Applied Machine Learning
DSCI 631 Project Proposal: Fetal Health Prediction
Introduction:
Child mortality reduction is an important indication of human development and is reflected in several of the United Nations' Sustainable Development Goals. By 2030, the United Nations wants nations to have eliminated avoidable deaths of newborns and children under the age of five, with all countries aiming to decrease under-five mortality to at least 25 per 1,000 live births. Maternal mortality, which accounts for 295 000 fatalities during and after pregnancy and delivery, runs parallel to the concept of child mortality (as of 2017). The great majority of these deaths (94%) happened in low-resource areas, and the majority of them could have been avoided.
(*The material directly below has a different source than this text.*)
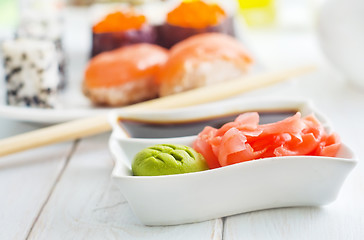 Image showing ginger, vasabi and soy sauce in white bowl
Cardiotocograms (CTGs) are a straightforward and inexpensive way for healthcare practitioners to monitor fetal health and take measures to reduce child and mother death. The machine sends ultrasound pulses and reads the response, providing information on the fetal heart rate (FHR), fetal movements, so on.
Team Members:
Grace Sigalla (gas83@drexel.edu) is currently pursuing a master's degree in Data Science, this being her second quarter here at Drexel University. Grace has a background in business administration from her undergraduate and worked for two years as an Admissions Manager for a nonprofit organization. Grace is adaptable, goal oriented and works well in a team. Grace has experience working with tools such as Microsoft Excel and Access, for doing data analysis and aggregation. She looks forward to using her newly learnt Python skills in doing data analysis for this project, and in the process continues learning more from fellow team members.
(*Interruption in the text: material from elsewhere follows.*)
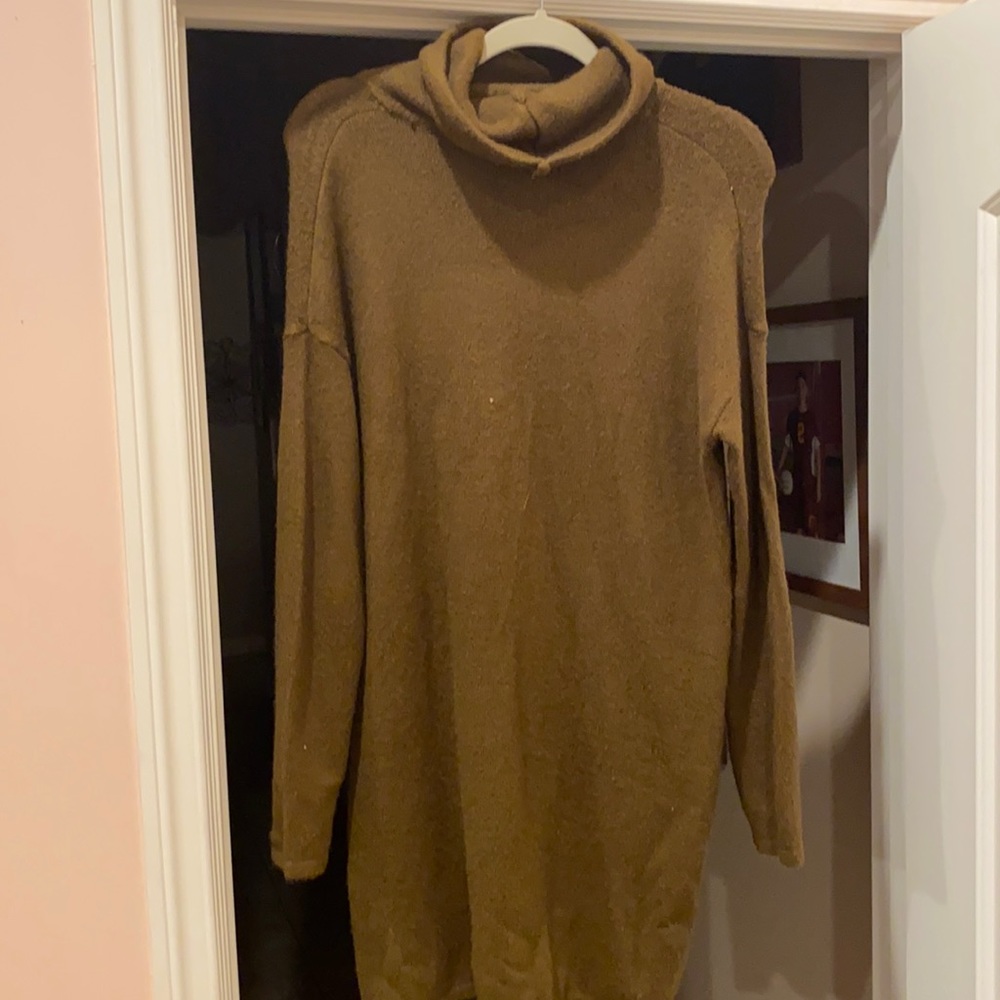 Olive green turtle neck dress, size S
Gowtham Vaddanam (gv336@drexel.edu) is pursuing his master’s degree in Data Science as a Full-time Student. He completed his undergraduate in Computer Science & Engineering. He had been an intern as a Python Developer for a couple of months during his B.Tech. His inquisitive nature drove him to learn the underlying concepts of programming frameworks in R and Python. He wants to bridge his skillset in analysis methods with interpretation via statistical, algorithmic and mathematical reasoning from this class and from peer members. And he is looking forward to contributing to the group efforts by assisting with the technical aspects of data processing and Interpretation to the best of his current abilities.
Sreerekha Rajendran (sr3547@drexel.edu) is working towards a master's degree in Data Science. Sreerekha is a skilled presenter and team player who has experience working with Python and SQL, as well as various data visualization techniques. She completed her undergraduate degree in Computer Science. As part of the project team, she will look forward to expand her skillset as a Python programmer and gain additional experience in data analysis and interpreting interesting insights from it to draw useful results. She also looks forward to improving her technical Python skills in ways that will benefit her future projects, work-related and otherwise.
Goal:
Our main aim in this project is to use machine learning to classify and predict fetal health which in turn can prevent fetal and maternal mortality. We intend to use classification algorithms to achieve the lowest error in prediction.
Data:
The dataset chosen for this project has features extracted from Cardiotocogram exams, and classified by expert obstetricians.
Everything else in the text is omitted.